Coyote hunting: Mistaken identity threat to pet dogs

Submitted by the Vermont Humane Federation

On Christmas Day a Pittsford family dog was shot and killed by a man when he mistook the dog for a coyote. The man says that he thought the coyote was chasing a deer. Neither party has yet to be cited for a legal violation by the Vermont State Police.

Eastern coyotes are a keystone predator in managing weak and diseased prey, and the ability in Vermont to hunt these canines year-round (including a regulated trapping season from October – December) compromises this important contribution to the ecosystem. In addition, with no limit on the coyote-hunting season, it is unsurprising when hunters adopt a “shoot first, identify later” mentality that compromises the hunter’s responsibility to know their target before shooting. The mistaken identity of a family pet, then, is an unintended consequence of neither having a limit to the coyote hunting season nor respect for the value of this vital predator. Instead, state policies invite reckless and wasteful killing.

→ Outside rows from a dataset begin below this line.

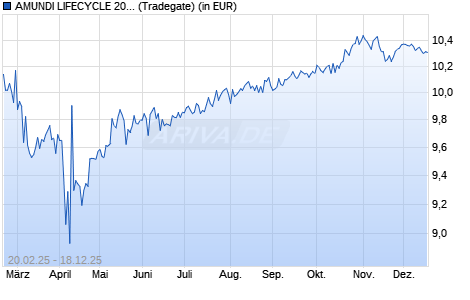 Performance des AMUNDI LIFECYCLE 2036 UCITS ETF Acc (WKN ETF205, ISIN LU2872292169)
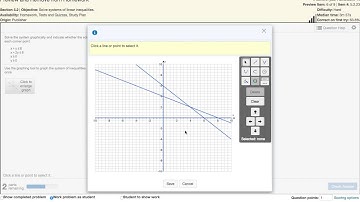 Graphing in Quadrant 1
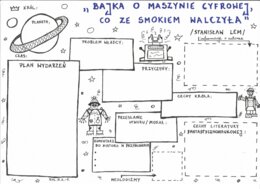 Rysunkowa karta pracy do "Bajki o maszynie cyfrowej, co ze smokiem walczyła" S. Lema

The Vermont Humane Federation is encouraging pet owners to educate themselves about the unregulated coyote hunting season and the subsequent need to protect family pets, including the use of leashes and bright coats. From a distance a dog with a grey or tawny coat coloration can be wrongly killed in an instant.

Brenna Galdenzi, president of the Vermont wildlife protection nonprofit Protect Our Wildlife, shares, “Sadly, Vermont Fish and Wildlife supports an open hunting season on coyotes. There is no reason why Maple, the dog in Pittsford, should’ve been mistaken for a coyote and killed, but we cannot say that we are surprised based on the unethical and irresponsible coyote hunting practices we’ve witnessed.”

“While Vermont wildlife organizations, including POW and the Humane Society of the United States VT, led efforts to ban coyote killing contests earlier this year, there is still a lot more to be done to prevent the reckless killing of these animals, including banning the open season,” shares Jess Danyow, president of the Vermont Humane Federation.

Those interested in supporting efforts to enact a limited, regulated hunting season for coyotes can sign a petition created by the Vermont Law School. In addition, the Vermont Coyote Coexistence Coalition has written a letter of inquiry to both the Vermont State Police and Vermont Fish & Wildlife in protest of the shooting and regarding the status of the investigation.